### SOURCE RECORDS
>>
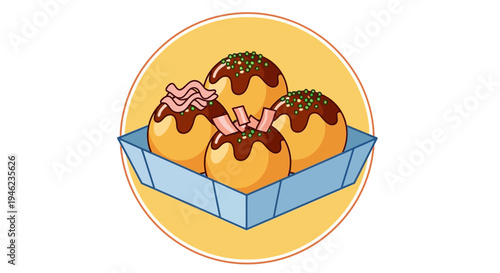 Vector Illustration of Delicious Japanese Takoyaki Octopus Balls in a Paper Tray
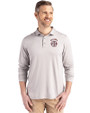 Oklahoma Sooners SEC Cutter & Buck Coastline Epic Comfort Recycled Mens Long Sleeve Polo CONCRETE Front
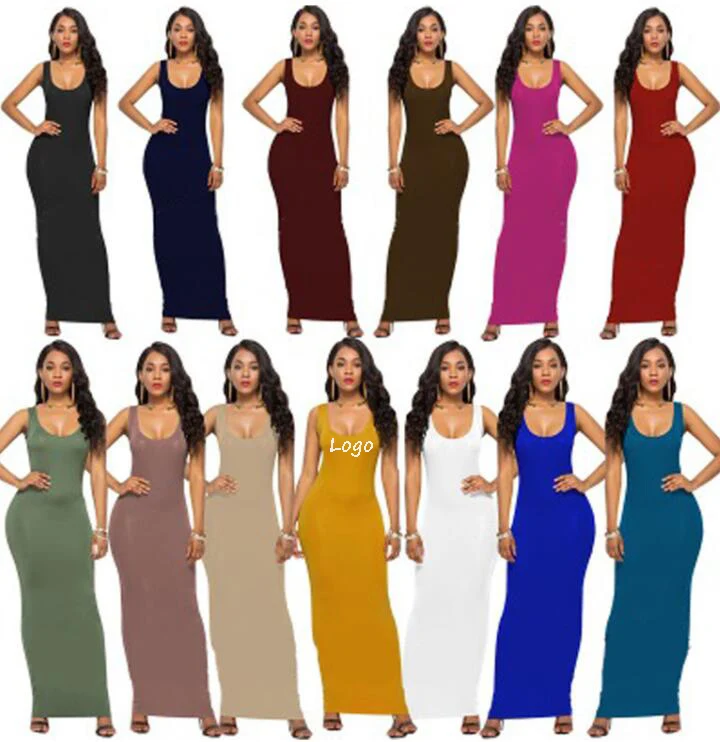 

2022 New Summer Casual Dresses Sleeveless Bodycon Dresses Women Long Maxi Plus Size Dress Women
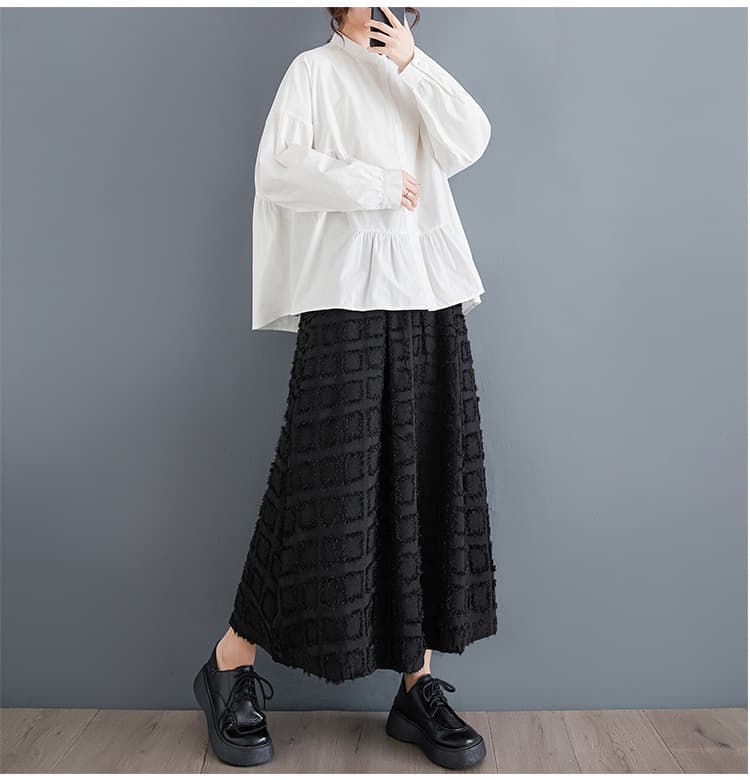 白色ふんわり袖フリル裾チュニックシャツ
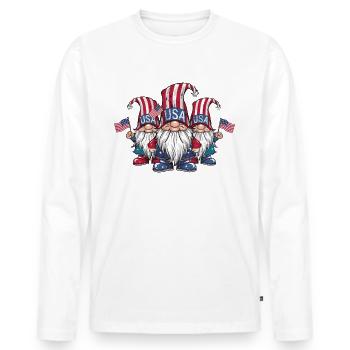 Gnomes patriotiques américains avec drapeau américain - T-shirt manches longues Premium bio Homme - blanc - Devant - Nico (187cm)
<<
### EXERCISE
An acceptable answer consists of the lines above from the one holding "2022 New Summer" to the end of the data, repeated exactly and containing no pictures.

### ANSWER BOX
2022 New Summer Casual Dresses Sleeveless Bodycon Dresses Women Long Maxi Plus Size Dress Women
 白色ふんわり袖フリル裾チュニックシャツ
 Gnomes patriotiques américains avec drapeau américain - T-shirt manches longues Premium bio Homme - blanc - Devant - Nico (187cm)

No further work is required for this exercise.